If the bridge were a person, you would say it had been born under a bad sign. Early on, critics declared the “signature” self-supported suspension portion of the span would be seismically unsafe because it isn’t anchored to Yerba Buena Island—the deck is supported solely by a massive central tower. Then came the revelations that Chinese-made steel deck sections were riddled with microscopic cracks, and that welds inside the bridge’s skyway span section were improperly executed.
And in 2011, two Caltrans employees were sacked for a variety of offenses, including fudging tests on the new bridge.
Caltrans remains stalwart in its support for the bridge. In a statement released after the fractured bolts were discovered, state toll bridge manager Tony Anziano defended the steel used for the devices, maintained the problems seem restricted to a “small batch of rods,” and declared there is no evidence of problems elsewhere on the span.
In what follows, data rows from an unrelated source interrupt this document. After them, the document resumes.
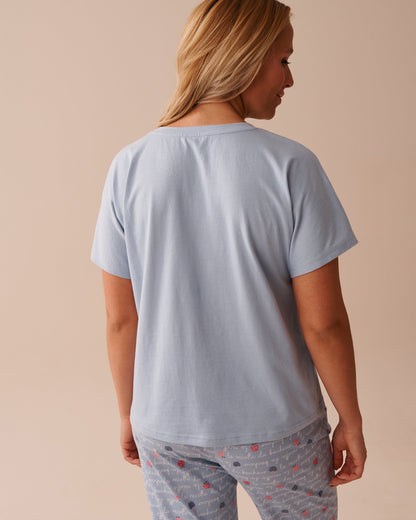 Cotton Sort Sleeve V-Neck T-Shirt_40100609_40175_02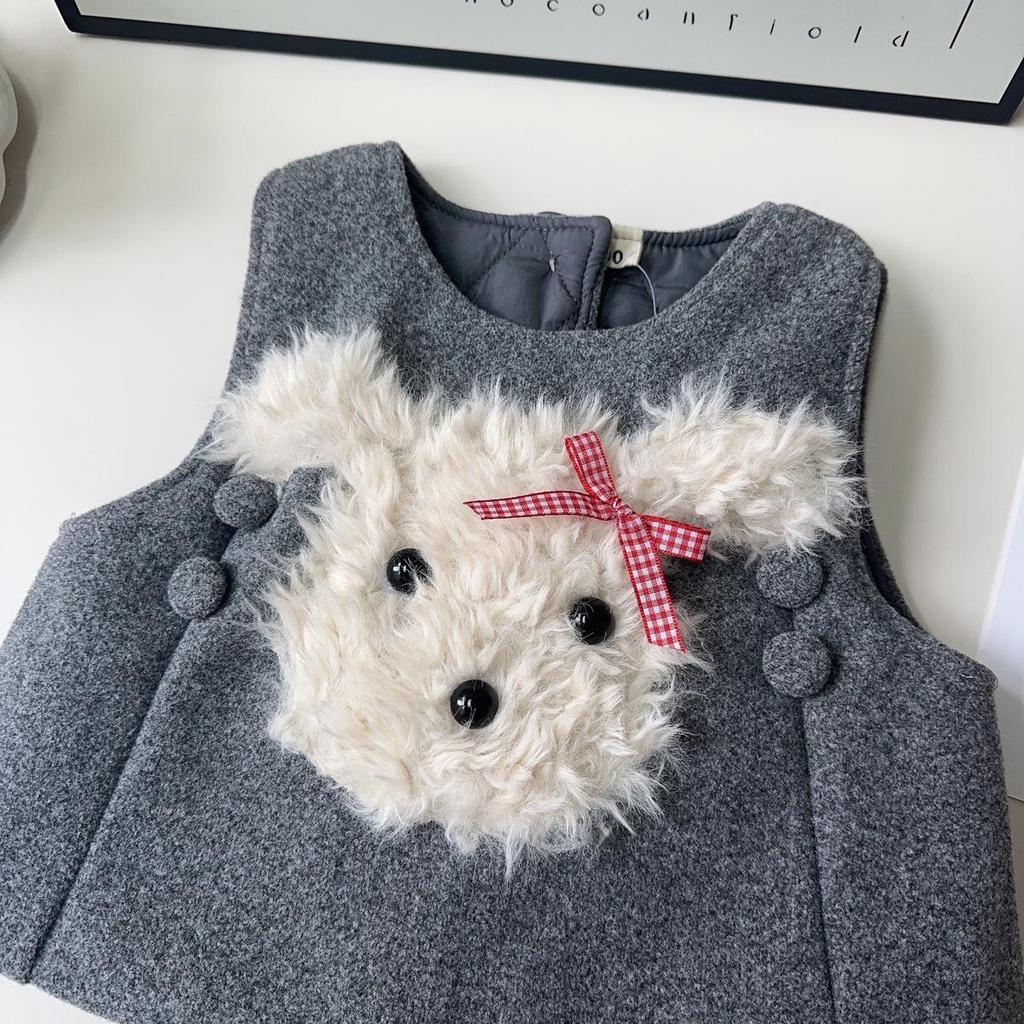 Girls' Autumn/Winter Trendy Dog Print Padded Vest & Skirt Two-Piece Set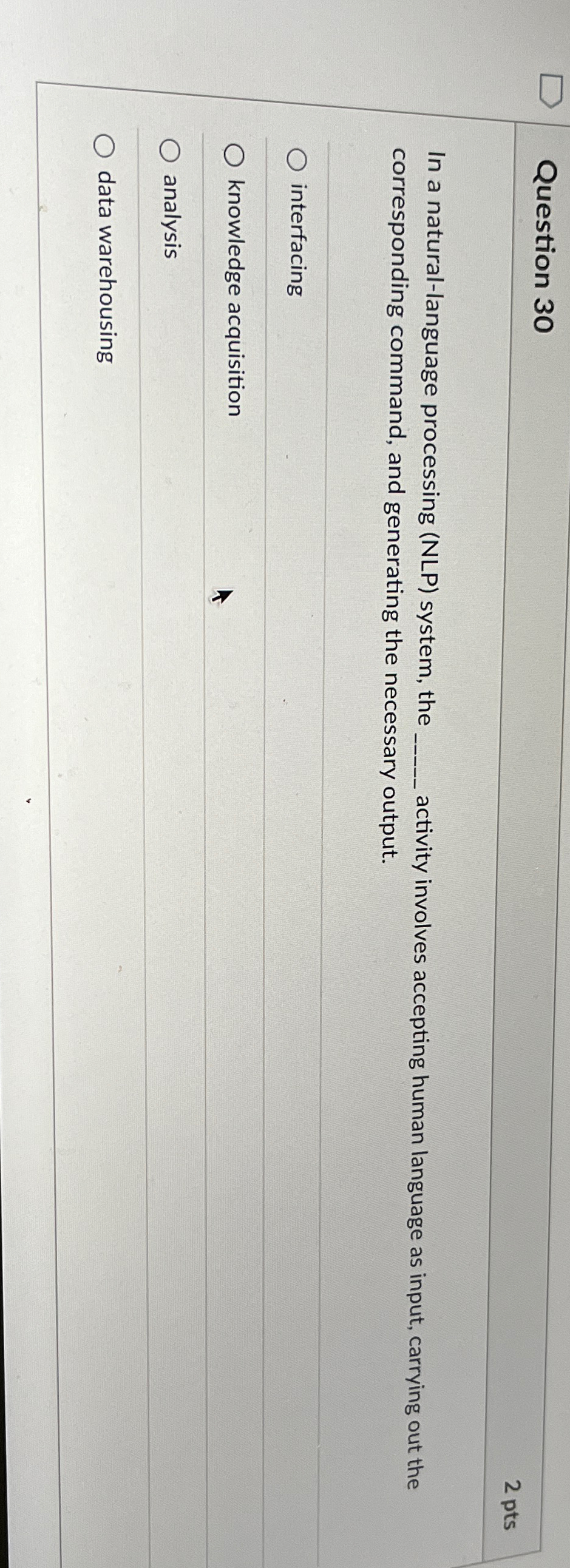 Question 3 0 2 pts In a natural - language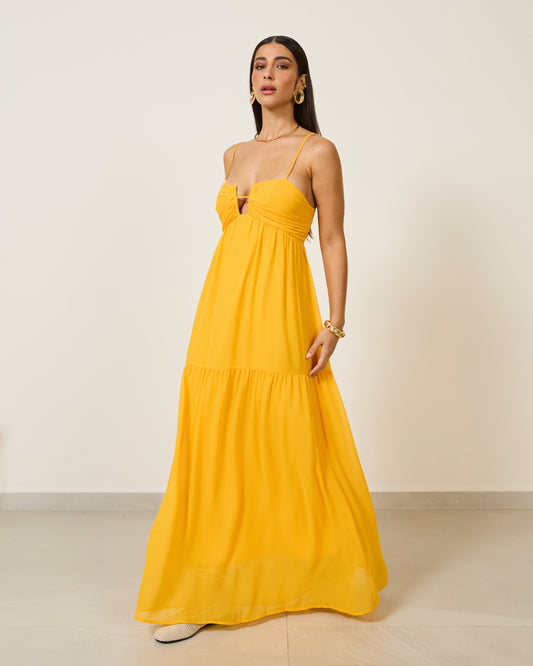 Vestido Longo Com Abertura Frontal AMARELO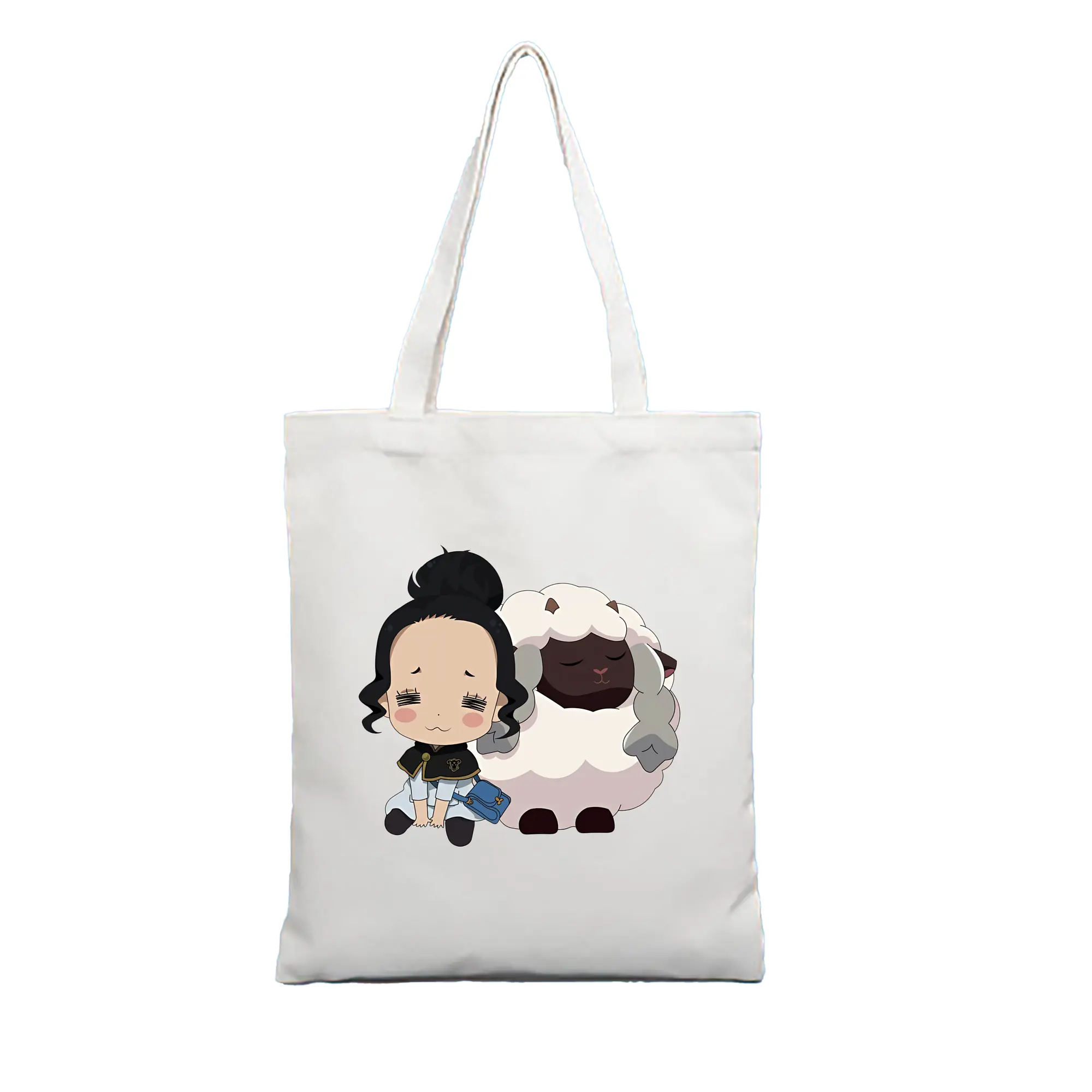 ブラッククローバー グッズ チャーミー・パピットソン - 縦型キャンバス手提げバッグ（トートバッグ） ・ キャンバス素材 ・ ショッピング用 ・ 軽量 丈夫 お手入れ簡単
Still, a consensus seems to be growing among engineers—especially UC engineers—that the new bridge has some very fundamental and worrisome flaws. “It just makes me deeply sad,” said Berkeley civil and environmental engineering professor Abolhassan Astaneh-Asl of the bridge’s cascading problems. Astaneh-Asl was among the first to opine that the self-supported suspension span was seismically deficient. He was criticized in turn by bridge boosters, who claimed he was irate because a design he had submitted had been spurned.
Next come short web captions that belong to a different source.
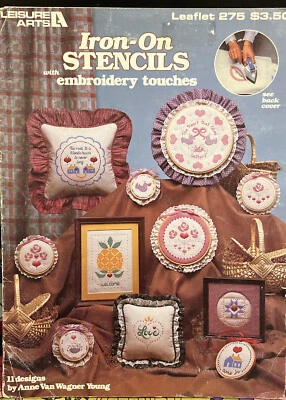 Leisure Arts Iron on stencils with embroidery touches leaflet 275 - Image 1 of 3
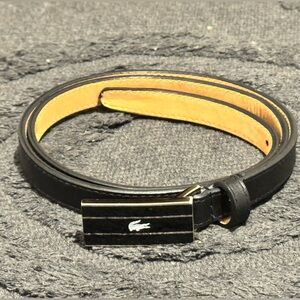NWOT Women’s Lacoste Genuine Leather black belt with Logo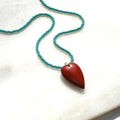 Esti Stone Heart Necklace - Rust & Turquoise 18"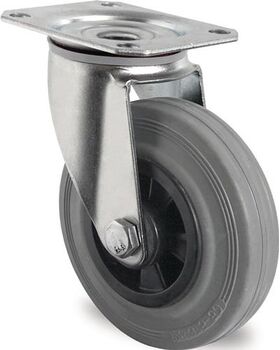 Lenkrolle D.125mm Trgf.100kg m.Platte PP VG grau PROMAT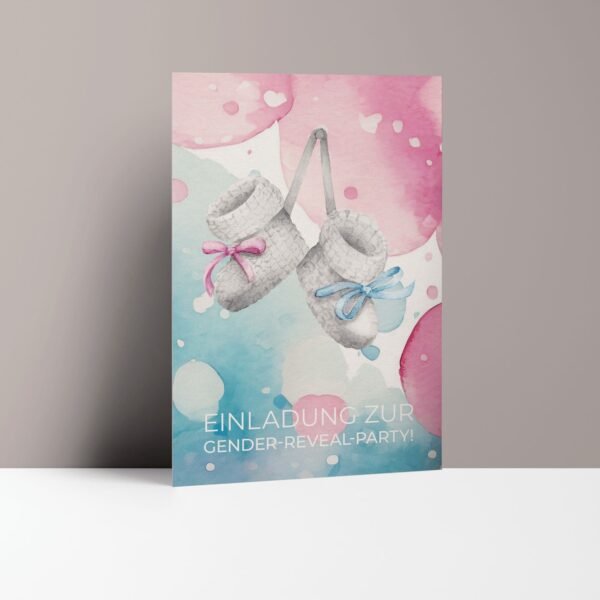 Einladungskarten Gender Reveal Party Babyschühchen, Aquarell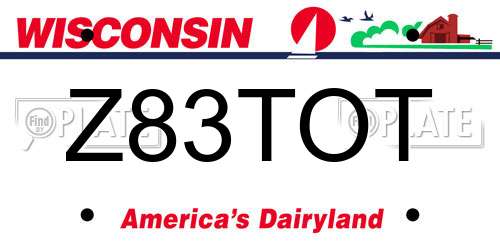 Z83TOT Wisconsin License Plate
But Astaneh-Asl insists sour grapes had nothing to do with it. “When you’re an engineer, you have an obligation to comment on any project that could endanger public safety,” he says.
And now the broken anchor rods have Caltrans and Bay Area Toll Authority officials casting about for explanations, and engineers pondering a fix. The high-strength steel rods, measuring 3 inches in diameter and 9 to 24 feet long, connect large seismic safety units known as shear keys to the bridge’s deck and support beams. To perform their proper function, the rods must be tightened by bolts after installation. Of the 96 tightened to date, 32 have broken.
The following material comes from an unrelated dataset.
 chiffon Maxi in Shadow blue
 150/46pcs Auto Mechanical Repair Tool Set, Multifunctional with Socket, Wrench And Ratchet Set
Many experts blame the broken bolts on “hydrogen brittleness”: When hydrogen invades steel, it can make it friable and prone to failure under stress. Although Thomas Devine, professor of materials science and engineering, agrees that a problem exists, he said that conclusions on possible remedies are premature—and dangerous.
There are two possibilities for the rod failures, he says: hydrogen embrittlement, or stress corrosion cracking. The culprit is determined by a battery of stress tests of the material.
For now, the evidence is insufficient to decide whether hydrogen in the steel is due to fabrication or environmental factors—and that’s critical, says Devine, because remedial strategies differ significantly for each case. “What’s needed at this point is a complete autopsy, if you will, on every bolt that fractured. Only then can we determine a truly effective solution.”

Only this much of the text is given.